Concordia College seeks investor to avoid closure
SELMA, AL (WSFA) - Rumors have been swirling for some time now regarding the closing of Concordia College Alabama in Selma. After talking to college officials we now know if something doesn't change soon, it will be the reality.
Concordia College gave Dr. Glenn King Jr. more than just a degree.
"This institution has built me in to the man I am today. It has impacted my professional career, my personal career as well as my spiritual walk," said King.
As the Dean of Business and Computer Information System at his alma mater, he is committed to teaching the next generation.
"We are shaping and molding other young students to be positive and productive citizens throughout the world," said King.
Now because of financial hardships this institution is facing the the reality that its future is in jeopardy.
"This has been a reality for the college for a couple of year now, so this is not something that just occurred," said Dr. James Lyons.
Lyons is the Interim Transition Officer and says before he stepped into this role eight months ago, Concordia was actively searching for an investor to partner with.

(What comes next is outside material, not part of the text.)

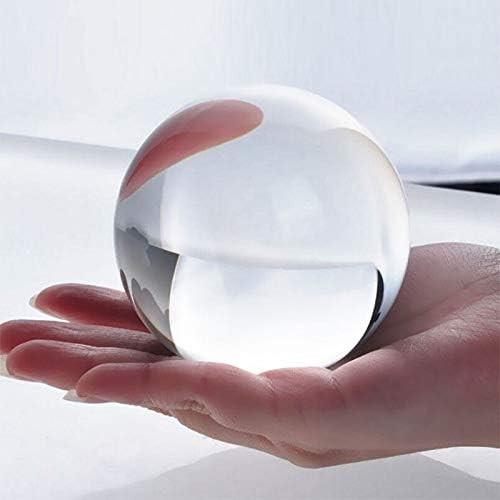 Замтак 100мм ретка чиста азиска кварц кристална топка сфера Фенгшуи стаклена топка занает занаетчиска декорација на свадбени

"The board has been attempting to identify an investor partner, someone who can come to the table with a very large sum of money. That would allow us to pay off the mortgage and other debt, and restructure the institution. Not just to survive but to thrive," said Lyons.
Unfortunately, now they are down to the wire. It they can't strike a deal soon there will only be one option left.
"If we are unable to identify that investor partner then we would close at the end of the current semester. That decision has to be made fairly soon. We have an obligation to our students to work with them and try to help them transfer to other institutions, get their financial aid in order, and their student records in order. We also want to help our faculty and staff who may have other job opportunities and try to support them in terms of letter of reference." said Lyons.
Although uncertainty looms, those who see Concordia's value to the community is not giving up.
"Students, our faculty, and staff have been true loyalists," said Lyons.
"I do believe God is going to answer our prayers and we will stay open. I am looking forward to being here in the fall semester," said King.
Concordia College was established in 1922. Currently around 400 students are enrolled and they have a little fewer than 100 employees.